■ RECORD SET ■

::::::::::

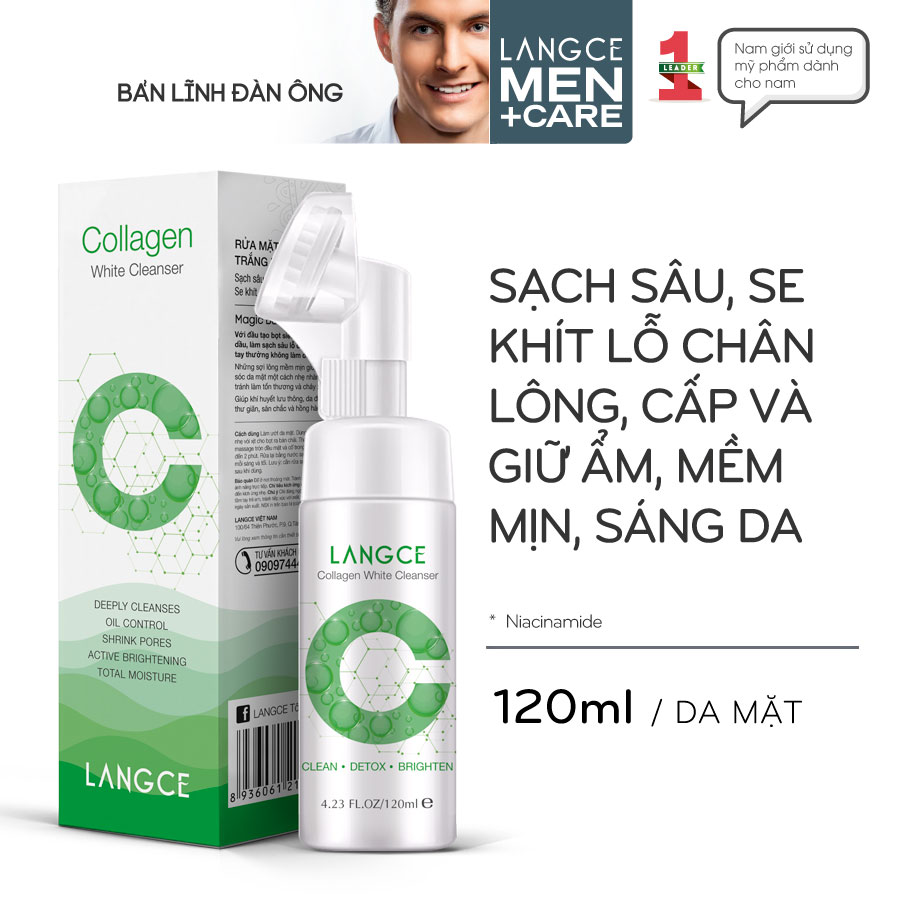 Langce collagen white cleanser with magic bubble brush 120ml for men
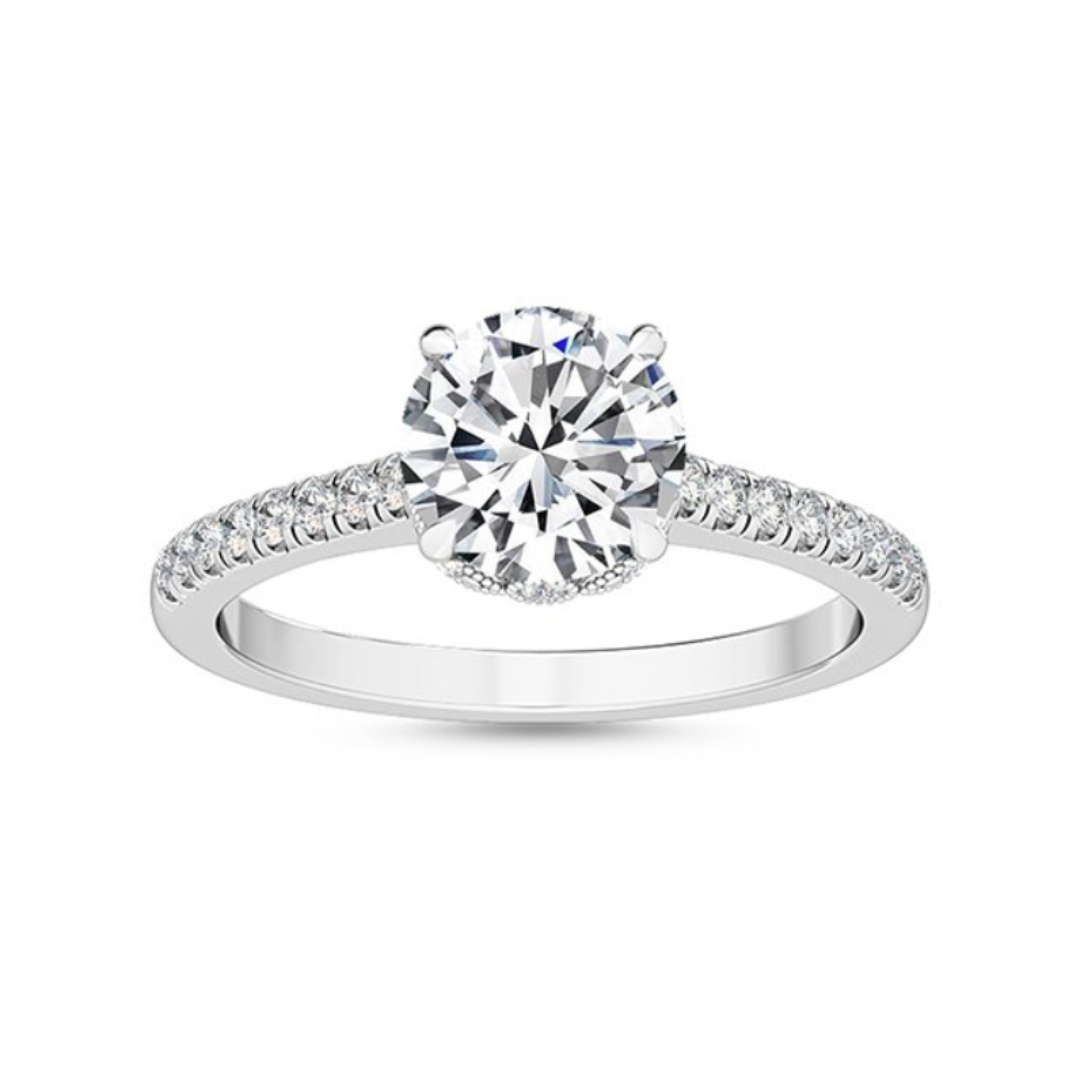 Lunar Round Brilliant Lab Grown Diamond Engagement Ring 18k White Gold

::::::::::

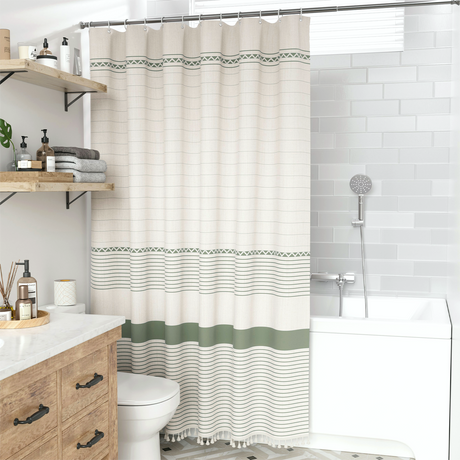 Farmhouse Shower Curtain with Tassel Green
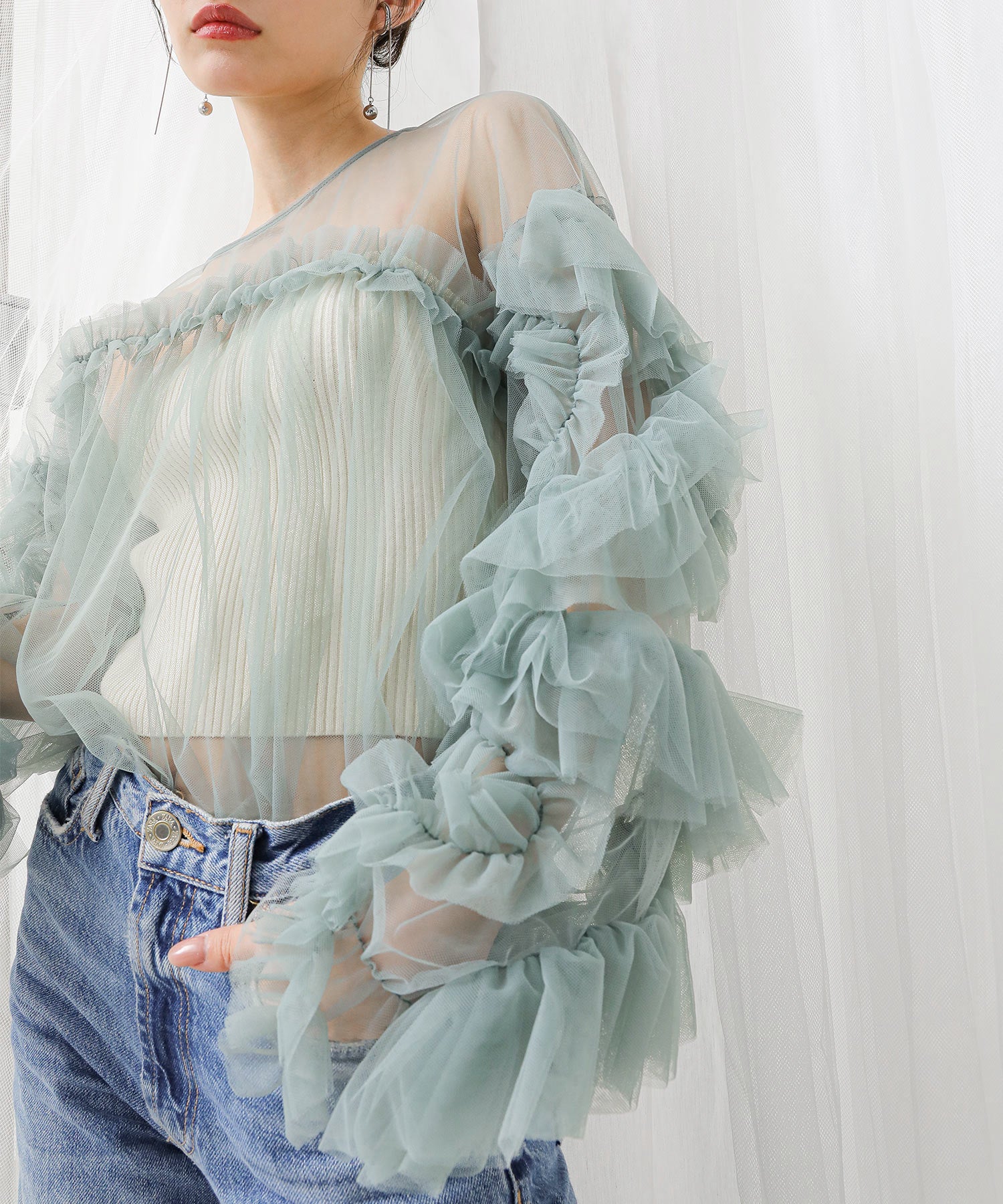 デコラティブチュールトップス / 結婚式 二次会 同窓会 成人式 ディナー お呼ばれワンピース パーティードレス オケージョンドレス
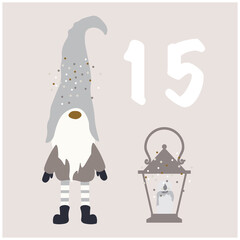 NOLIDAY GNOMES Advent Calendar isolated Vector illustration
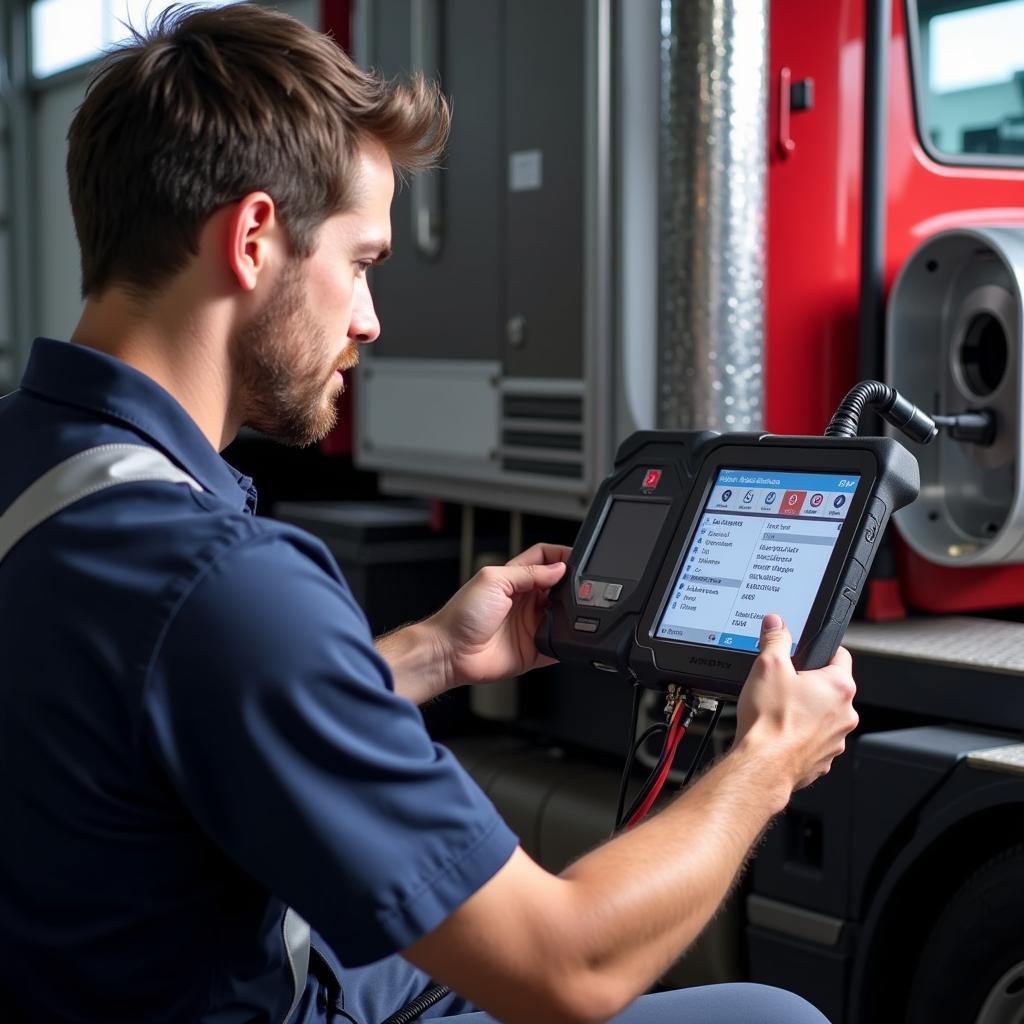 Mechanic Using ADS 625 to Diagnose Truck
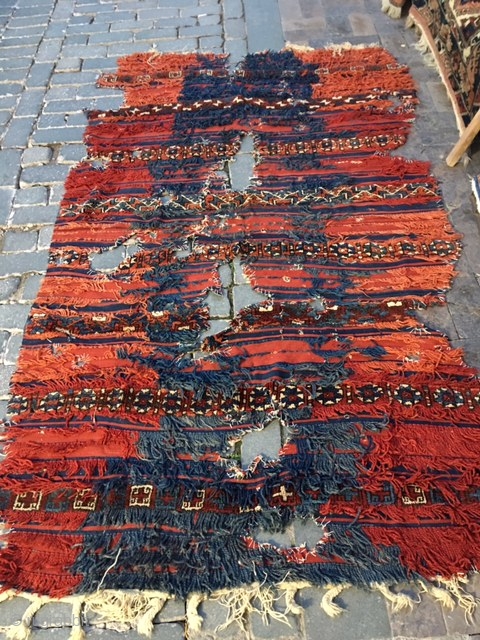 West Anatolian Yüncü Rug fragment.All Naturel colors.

::::::::::

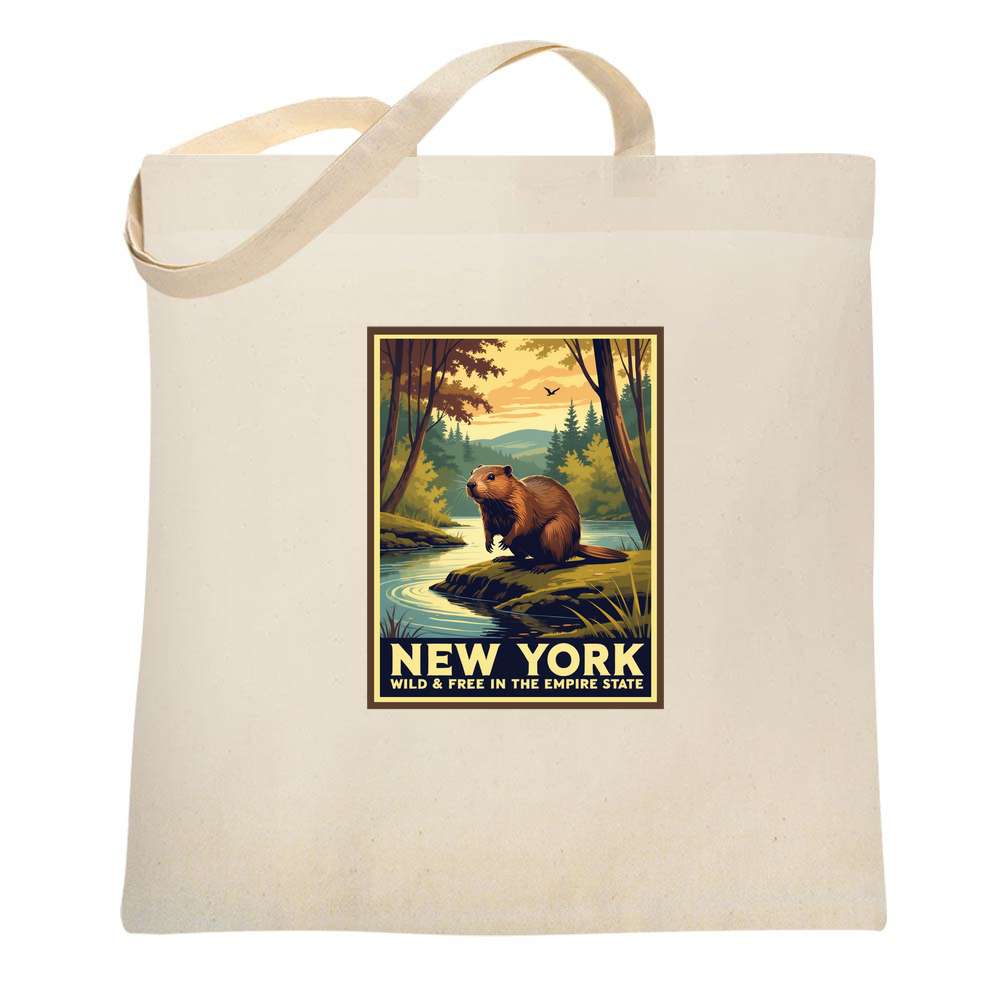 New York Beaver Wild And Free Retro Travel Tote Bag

::::::::::

■ EXERCISE PROMPT ■
Your output should be the lines above from the one that contains "Mechanic Using ADS 625 to Diagnose Truck" through the one that contains "West Anatolian Yüncü", word for word, with pictures left out.

■ ANSWER FOR THE TASK ■
 Mechanic Using ADS 625 to Diagnose Truck
 West Anatolian Yüncü Rug fragment.All Naturel colors.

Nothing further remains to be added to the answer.